The allegiance to separation of the culture into which God’s Word became incarnate was ethnic: the separation of the Hebrew children of God from the non-Hebrew children of God. The allegiance to separation of the culture – call it historical Christianity – that eventually established itself after the Ascension was epistemological: the separation of those children of God who have a certain ‘belief’ or ‘set of beliefs’ concerning Jesus, and those who do not.
Characterized in this fashion, Christianity’s difference from Judaism essentially amounted to shifting the boundary line of separation between two populations of the children of God.

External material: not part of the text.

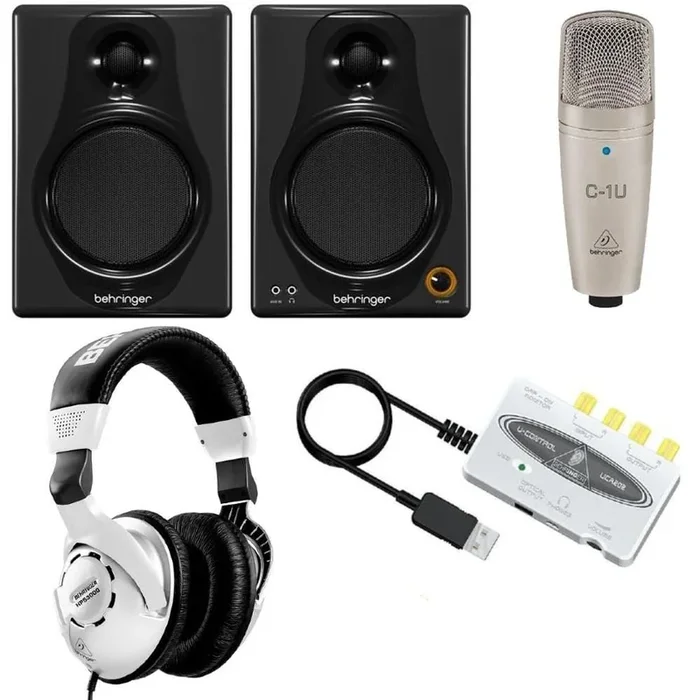 Behringer Bundle 2.0 C-1U USB Microphone UCA202, USB-Audio Interface, Media 40USB Monitor Speakers With HPS3000 Studio Headphones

But St Paul offered his gospel of grace as an alternative to what he called ‘a religion of works,’ not simply as a refinement or readjustment.
The great confusion that lies at the heart of historical Christianity stemmed from a naivete – sometimes willful, mainly not – about the concept of belief. It is the naivete of regarding beliefs – whether invoked in the language of believing someone or something, or believing in someone, or having faith – as naming something, either a course of action or some sort of mental state, that can be chosen.
But of course, if having faith or a belief is something that can be chosen (or rejected), then it is a work as St. Paul understood the term, no different from the work of elaborate hand washing ritual, or the work of circumcision.
Historical Christianity, therefore, far from maturing out of St. Paul’s gospel of grace, instead formed itself into simply another religion of works.